[[ PROVIDED RECORDS, beginning ]]
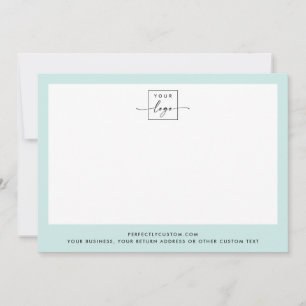 Custom logo and text light aqua blue border modern card
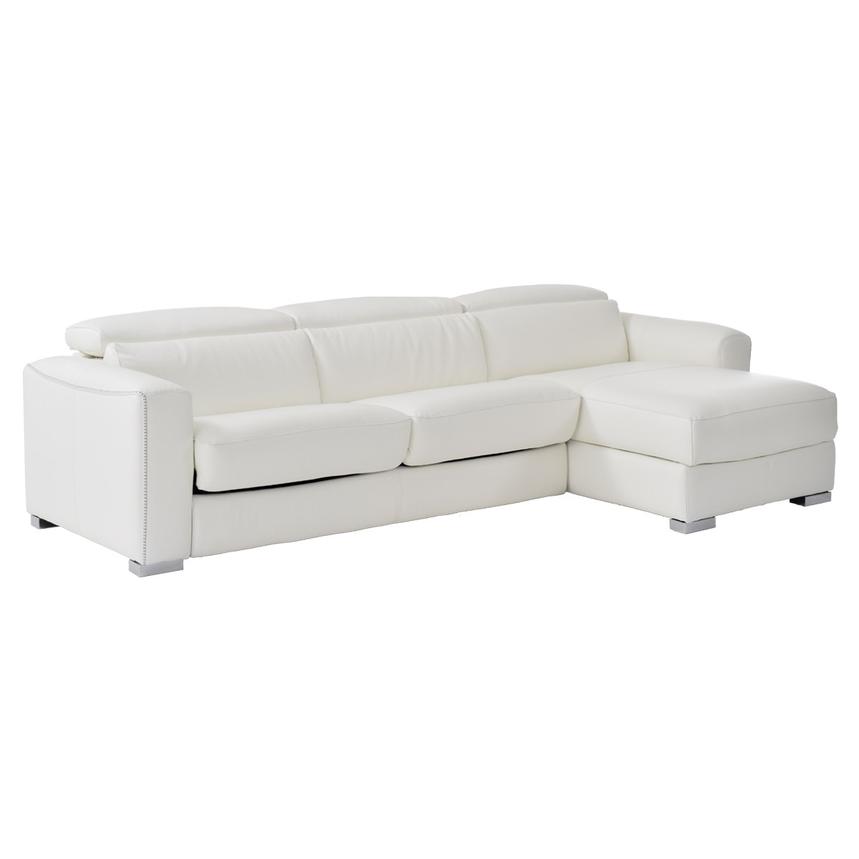 Bay Harbor White Leather Sleeper W Right Chaise El Dorado Furniture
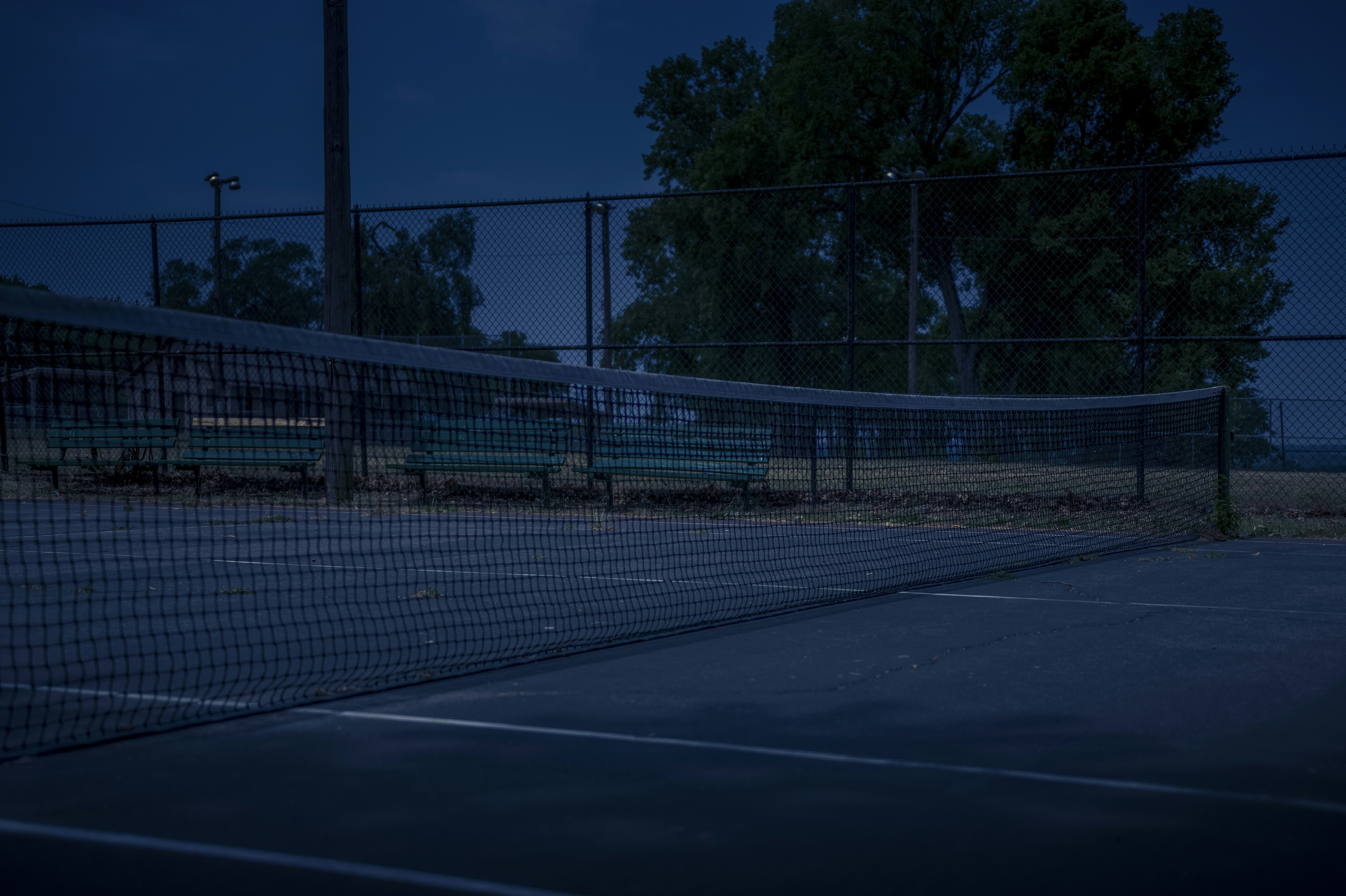 gray metal fence near green trees during daytime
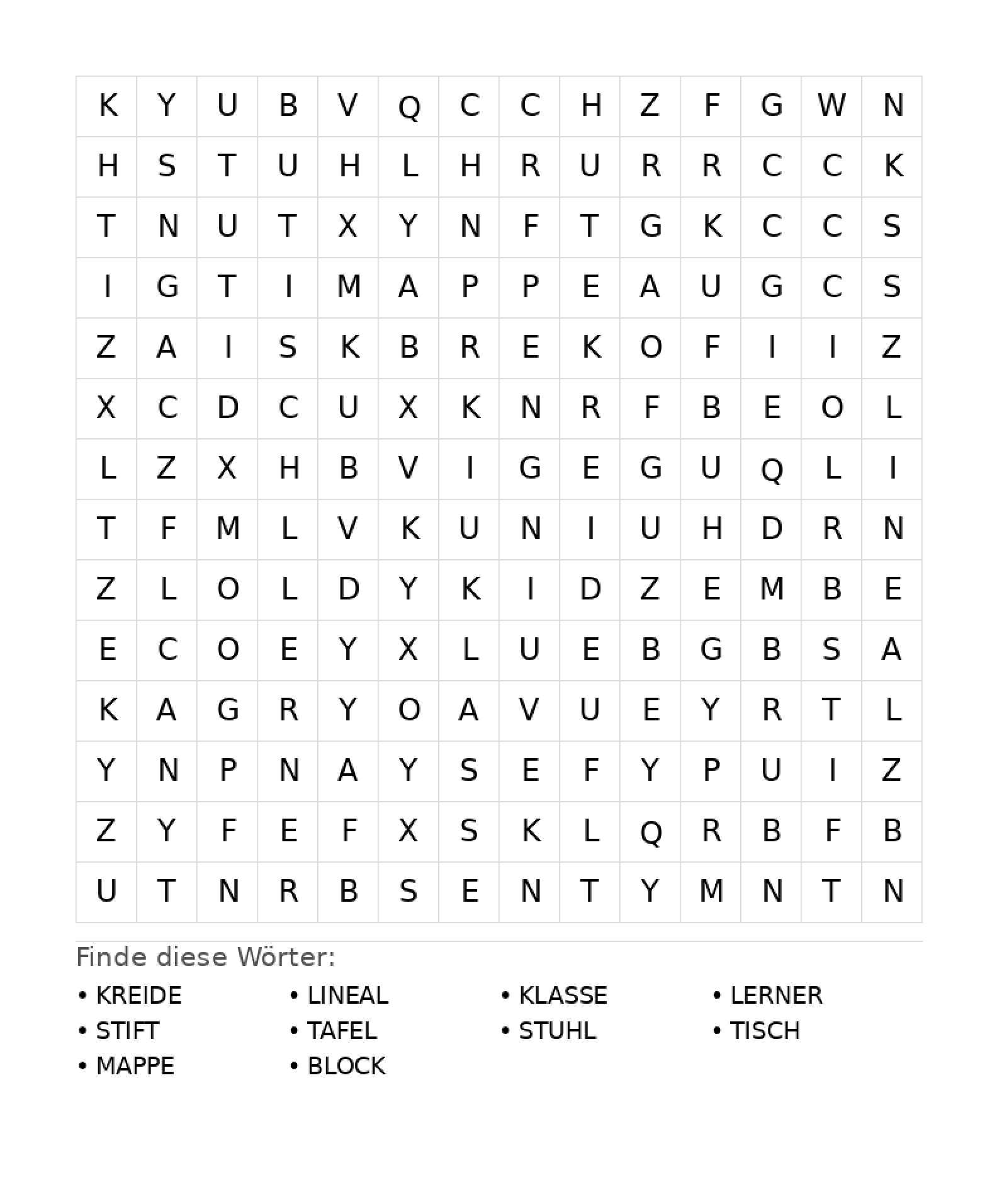 Wortsuchrätsel Wortsuchrätsel: Schule für Teenager aus der Kategorie Wortsuchrätsel - kostenlos ausdrucken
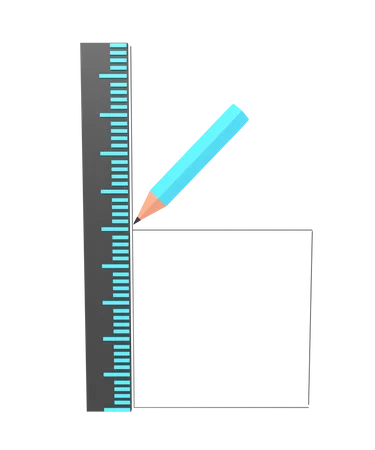Straight Line Ruler 3D Icon
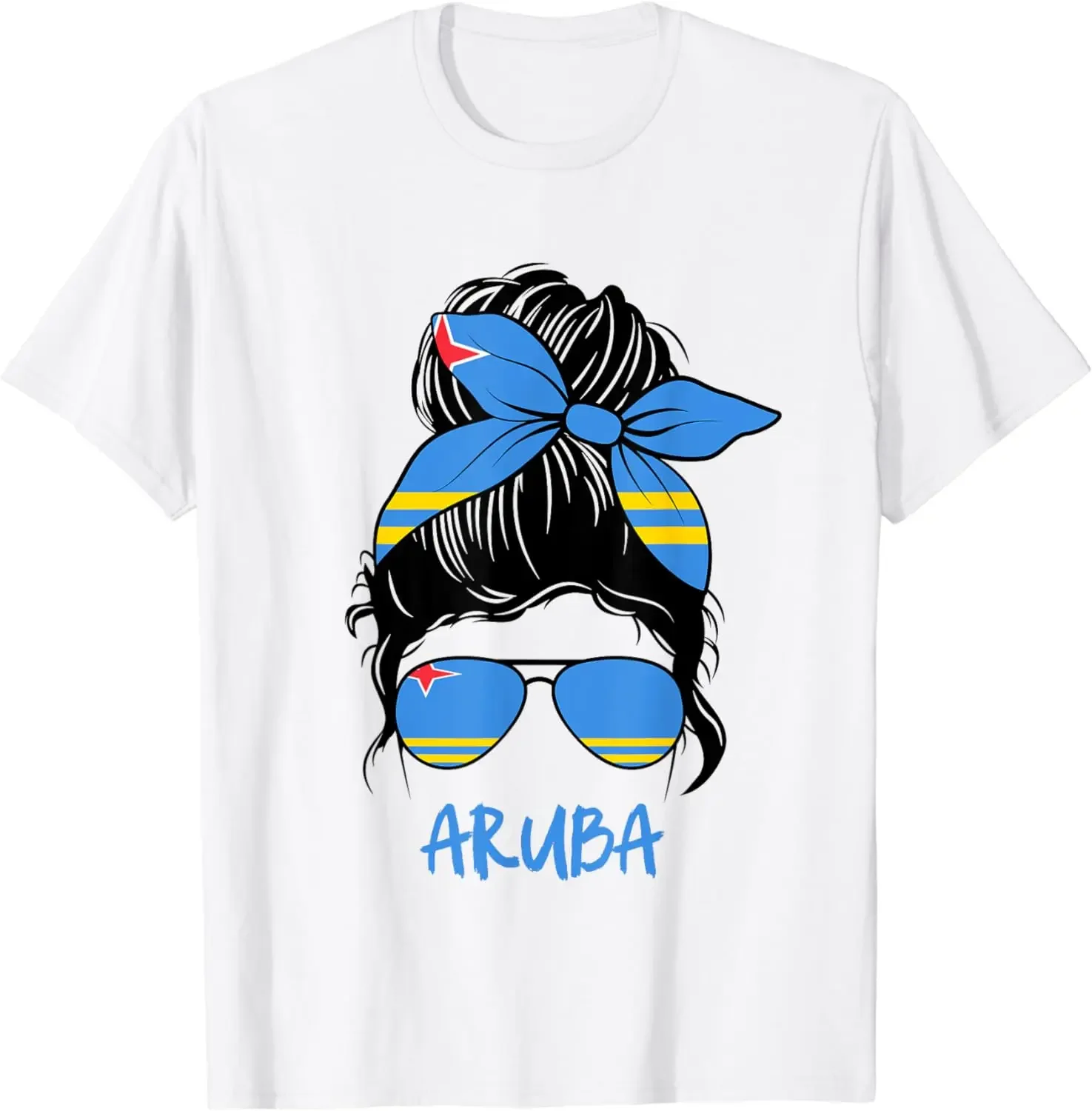 Aruba Flag Girl T-Shirt White Short Sleeve for Women Holiday National Day Clothing Streetwear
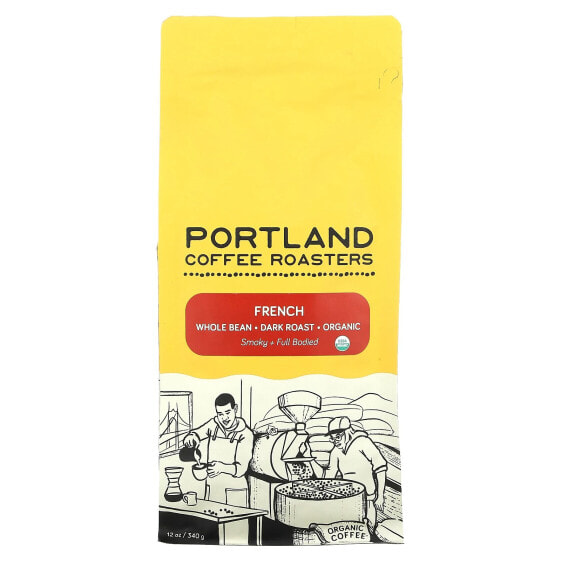 Кофе в зернах Portland Coffee Roasters Organic, французский, темной обжарки, 12 унций (340 г)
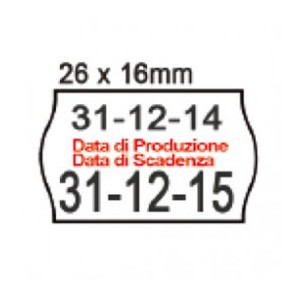 Etichette per prezzatrici 26x16 rett.biancoSTAMPATI data produzione -data scadenza (in sc. da 36pz)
[[ PROVIDED RECORDS, end ]]
● **WHAT THE TASK REQUIRES**:
Every record is to be reproduced exactly, with no pictures included.

● **RESPONSE**:
 Custom logo and text light aqua blue border modern card
 Bay Harbor White Leather Sleeper W Right Chaise El Dorado Furniture
 gray metal fence near green trees during daytime
 Wortsuchrätsel Wortsuchrätsel: Schule für Teenager aus der Kategorie Wortsuchrätsel - kostenlos ausdrucken
Straight Line Ruler 3D Icon
 Aruba Flag Girl T-Shirt White Short Sleeve for Women Holiday National Day Clothing Streetwear
 Кофе в зернах Portland Coffee Roasters Organic, французский, темной обжарки, 12 унций (340 г)
 Etichette per prezzatrici 26x16 rett.biancoSTAMPATI data produzione -data scadenza (in sc. da 36pz)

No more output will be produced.